EXERCISE OBJECTIVE
All entries below must be output word for word, and the pictures left behind.

THE INPUT
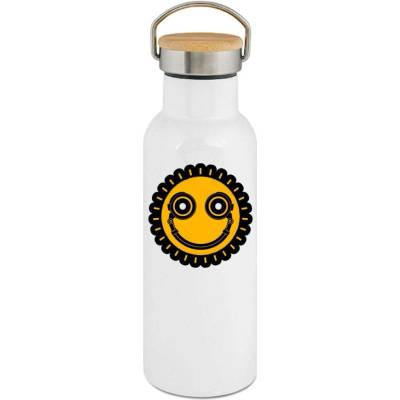123TRIKO termoska Smajlík v rytmu 500 ml vtipné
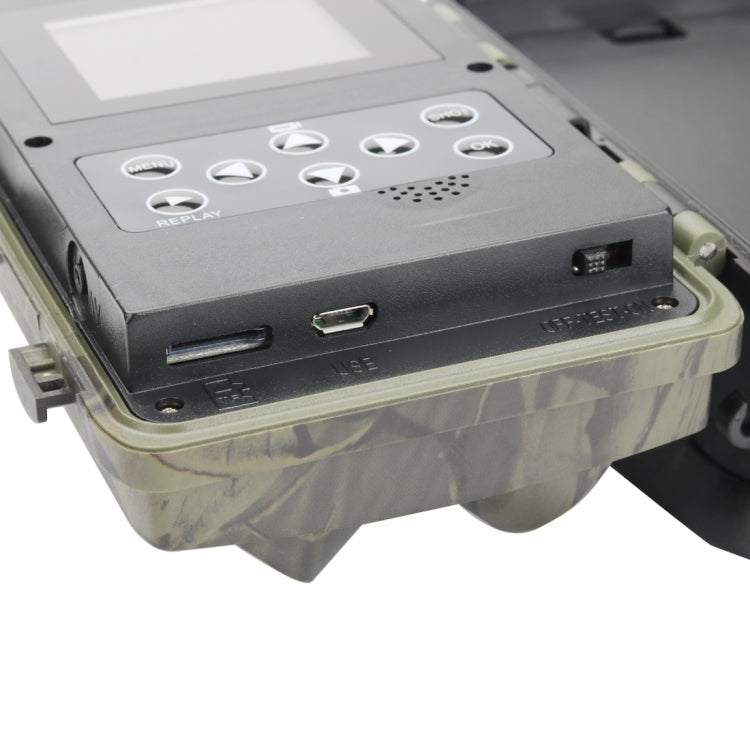 Suntek HC-800A  8MP動物紅外監控器夜視防水打獵相機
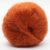 Bildet viser et utsnitt av et strikkegarn i kidsilk mohair fra Kremke Silky kid. Her i fargen 170 connamon.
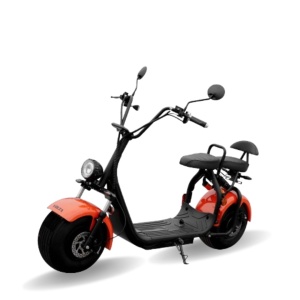 Scuter electric Voltarom SE-03 CityCoco fara permis, 1500W, 60V/12Ah, 25 km/h, autonomie pana la 36 km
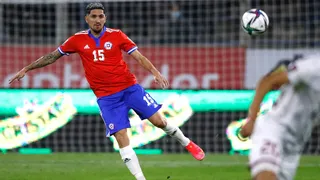 Lasarte elogió a Diego Valdés: No es fácil tener una oportunidad y cumplir muy cerca de lo máximo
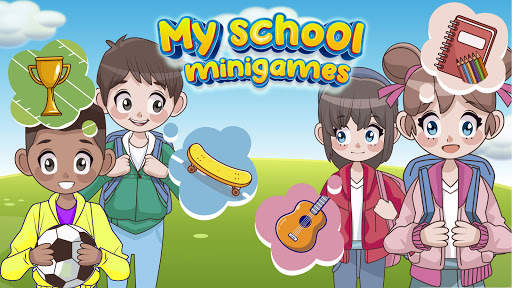 My School Mini Games - Giochi per il cervello dive screenshot 1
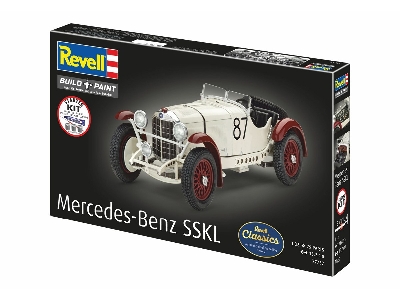 Mercedes-benz Sskl (Revell Classics) - zdjęcie 11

TASK RESULT
123TRIKO termoska Smajlík v rytmu 500 ml vtipné
 Suntek HC-800A  8MP動物紅外監控器夜視防水打獵相機
 Bildet viser et utsnitt av et strikkegarn i kidsilk mohair fra Kremke Silky kid. Her i fargen 170 connamon.
 Scuter electric Voltarom SE-03 CityCoco fara permis, 1500W, 60V/12Ah, 25 km/h, autonomie pana la 36 km
 Lasarte elogió a Diego Valdés: No es fácil tener una oportunidad y cumplir muy cerca de lo máximo
 My School Mini Games - Giochi per il cervello dive screenshot 1
 Mercedes-benz Sskl (Revell Classics) - zdjęcie 11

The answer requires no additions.